• _Directions_: Set down, word for word, every line of the material below from the one containing "Crescent Beach Condo" through the one containing "Brand new hollister jeans 0s - Picture 3 of 5", but none of its pictures.

• _Raw data_:
[Start of Attachment]
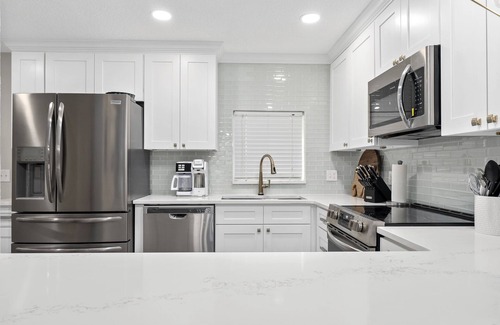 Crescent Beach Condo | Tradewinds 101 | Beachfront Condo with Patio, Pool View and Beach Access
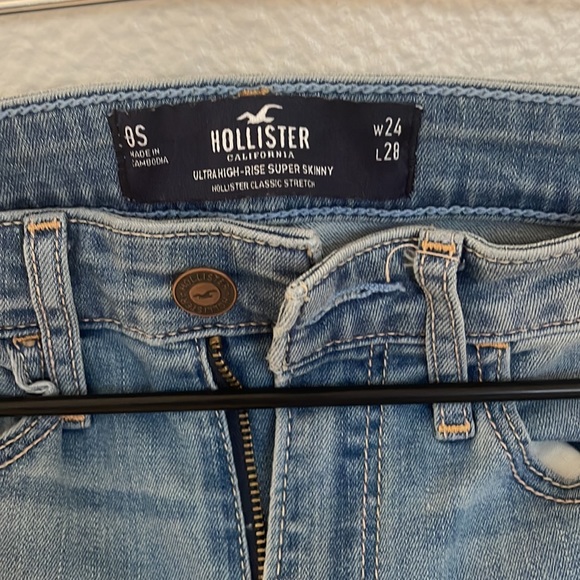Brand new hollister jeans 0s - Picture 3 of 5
[End of Attachment]
[Start of Attachment]
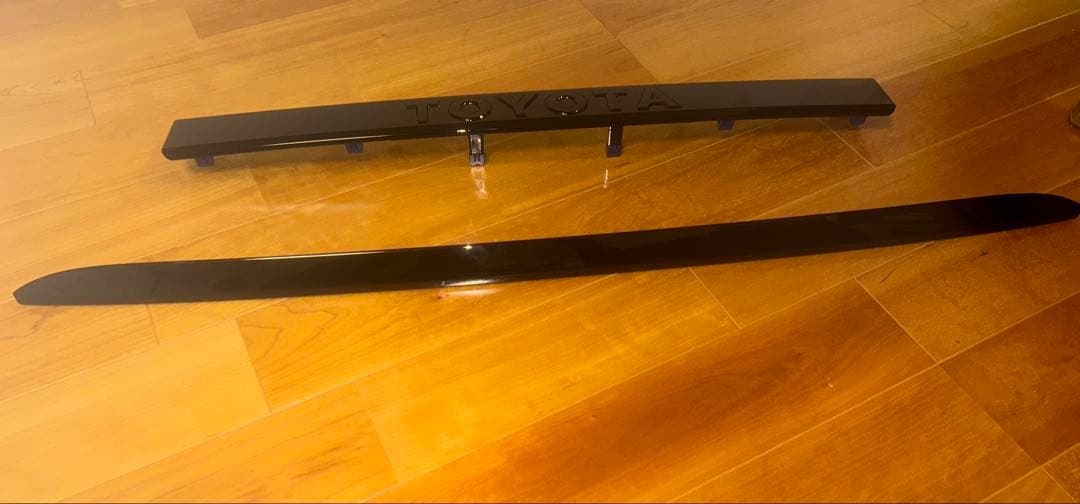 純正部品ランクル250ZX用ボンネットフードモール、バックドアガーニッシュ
[End of Attachment]
[Start of Attachment]
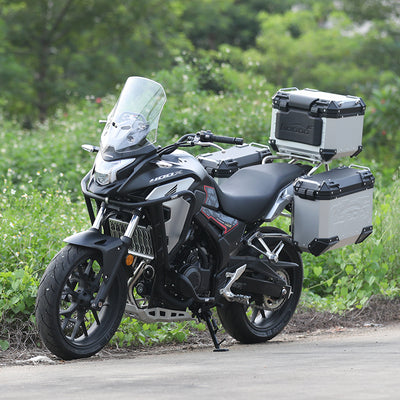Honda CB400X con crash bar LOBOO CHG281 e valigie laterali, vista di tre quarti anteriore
[End of Attachment]
• _Answer area_:
 Crescent Beach Condo | Tradewinds 101 | Beachfront Condo with Patio, Pool View and Beach Access
Brand new hollister jeans 0s - Picture 3 of 5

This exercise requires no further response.